Isto posto, é inegável que o estilo visual do jogo oferece uma profusão de cores ultra-saturadas e cada fase é um verdadeiro deleite para quem aprecia intensidade. Ainda que a modelagem de ambientes e cenários ofereça pouco com o que trabalhar, aquilo que está lá – basicamente corredores, área externa de preenchimento e alguns adereços cenográficos – não economiza nesse aspecto. Particularmente, gosto quando o jogo não tem nenhum pudor no uso de cores fortes e outros efeitos mais espalhafatosos quando isso é parte da proposta estética do trabalho. O problema de Poison Control não está no uso das cores, mas sim onde elas são aplicadas.
Curioso é que os ambientes de diálogo e outros espaços da interface são muito mais bem resolvidos, mesmo sem qualquer virtuosismo exagerado. Esses espaços funcionam, são bastante reconhecíveis para quem conhece produções deste mesmo estilo que brinca com a estética anime e parecem não fazer muito sentido quando em conjunto com o jogo em si, algo que parece ser uma consequência da experiência da dev Nippon Ichi Software (de Disgaea), maior com o 2D e os sprites do que com games tridimensionais como este. Há boas soluções, a exemplo de alguns elementos gráficos que ajudam a perceber um pouco mais de profundidade, como efeitos de névoa ou mesmo outras coisas menos óbvias que ficam voando, como adesivos ou flocos de neve. Mas ainda assim, esses efeitos parecem bem aquém do que se poderia esperar de um jogo de fim de geração PS4, mesmo de um escopo de produção menor que grandes AAA.

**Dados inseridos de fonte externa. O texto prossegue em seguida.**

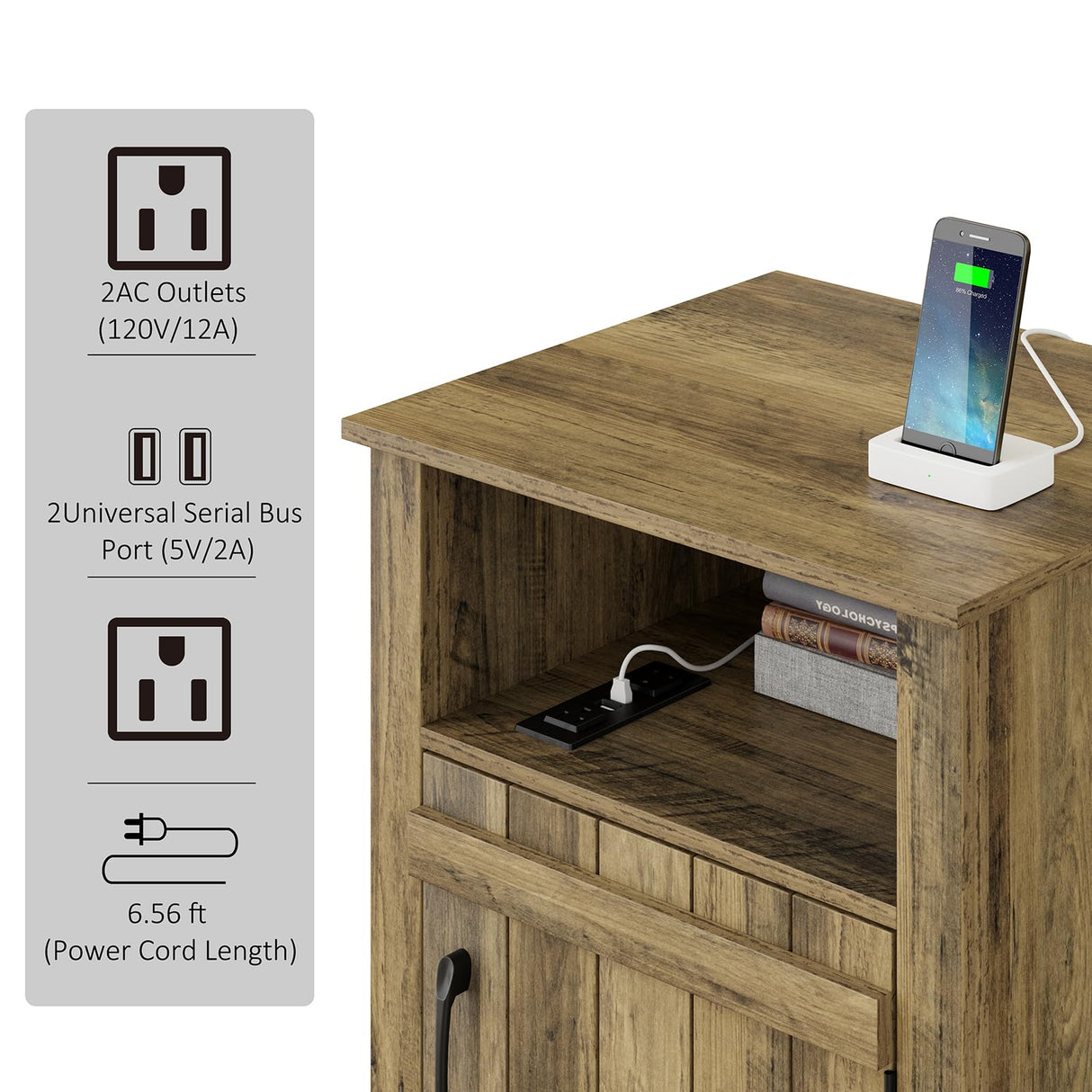 RRX Night stand Set of 2 Farmhouse End Table with Charging Station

Salva-se, porém, o aspecto sonoro. Há realmente boas passagens com canções que abusam das guitarras e de batidas sintetizadas, agregando um pouco mais de animação a cenários e passagens que são só cópias com outras cores do que já foi visto antes. A dublagem é algo louvável, primeiro por haver um volume realmente grande de diálogos e segundo por trazer aquele clima de boas produções japonesas, enquanto os efeitos sonoros são corretos, até por não terem muito com o que funcionar dentro do escopo do game.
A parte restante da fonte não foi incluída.